Penelusuran lanjutan tim Crew 8 News membongkar siapa saja yang berada di balik ribuan hektare kebun ilegal itu, tak hanya masyarakat biasa, sebagian besar lahan sawit justru dimiliki oleh kalangan elit, dari pejabat hingga tokoh perantau berpengaruh.
Dalam catatan lapangan dan dokumen yang diperoleh, terdapat nama-nama ASN aktif, pensiunan aparat, perantau kaya asal Batam dan Jakarta, serta sejumlah pengurus koperasi yang digunakan sebagai perantara penguasaan lahan dalam skala besar.
Indikasi Pemecahan Nama dan Rekayasa Kepemilikan, Crew 8 News menemukan setidaknya:
Tujuh individu menguasai di atas 300 hektare, atas nama pribadi, keluarga, hingga kelompok tani fiktif.
Beberapa nama diketahui mengendalikan lahan lebih dari 1.000 hektare, tersebar di Pancung Soal dan Lunang.
Puluhan lainnya mencatatkan kepemilikan 20–100 hektare per orang, dengan pola pemecahan surat di tingkat nagari.
Mayoritas penguasaan ini tidak didukung surat pelepasan kawasan dari KLHK maupun izin Hak Guna Usaha (HGU).
Dalam dokumen yang diperoleh, hanya terlampir surat pengakuan dari Kerapatan Adat Nagari (KAN) dan nota kerja sama berbasis “silih jariah”.
Modus penguasaan lahan oleh elite ini kerap difasilitasi melalui:
Koperasi dan kelompok tani fiktif yang hanya berisi keluarga pemilik modal, penggunaan nama kelompok tani yang tidak pernah eksis di lapangan, legitimasi dari KAN dan perangkat jorong untuk menutupi status lahan sebagai kawasan hutan.
Salah satu mantan kepala jorong di Kecamatan Lunang mengungkap:
“Ada koperasi dibuat hanya untuk urus bantuan bibit dan alat, tapi lahan itu bukan untuk petani, yang kelola ya orang kota, warga sini cuma disuruh tandatangan.”
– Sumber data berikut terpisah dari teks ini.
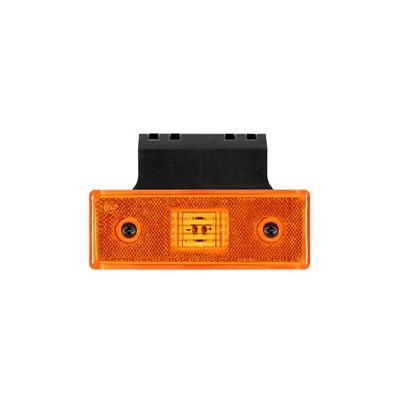 FR ASP TİPİ E.M. LEDLİ SİDE MARKER YAN LAMBA BRAKETLİ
Dalam dokumen tim investigasi, nama-nama berikut disebut sebagai pengendali:
Pensiunan pejabat dinas perkebunan dari luar daerah, menguasai ±850 ha di Pancung Soal, Eks kepala bidang di pemerintahan kabupaten, lewat kelompok tani binaan,
Tokoh perantau asal Pesisir Selatan di Batam dan Jakarta, diduga membeli lahan adat untuk ditanami sawit, namun belum pernah mengurus izin kawasan,
Oknum anggota APH, disebut mengelola lahan sawit atas nama kerabat di daerah Ranah Ampek Hulu Tapan.
Ahli kehutanan menegaskan bahwa penguasaan lahan dalam HPK tetap tunduk pada UU No. 41/1999 dan UU No. 18/2013 (P3H).
Tanpa dokumen pelepasan kawasan dan izin berusaha dari KLHK, aktivitas sawit tetap ilegal, meskipun dilakukan atas nama koperasi atau menggunakan surat KAN.
“Alas hak dari adat itu tidak bisa jadi dasar hukum untuk kawasan hutan. Ini masuk kategori penggunaan kawasan tanpa izin, dan pelakunya bisa kena pidana,” ungkap praktisi hukum kehutanan di Padang.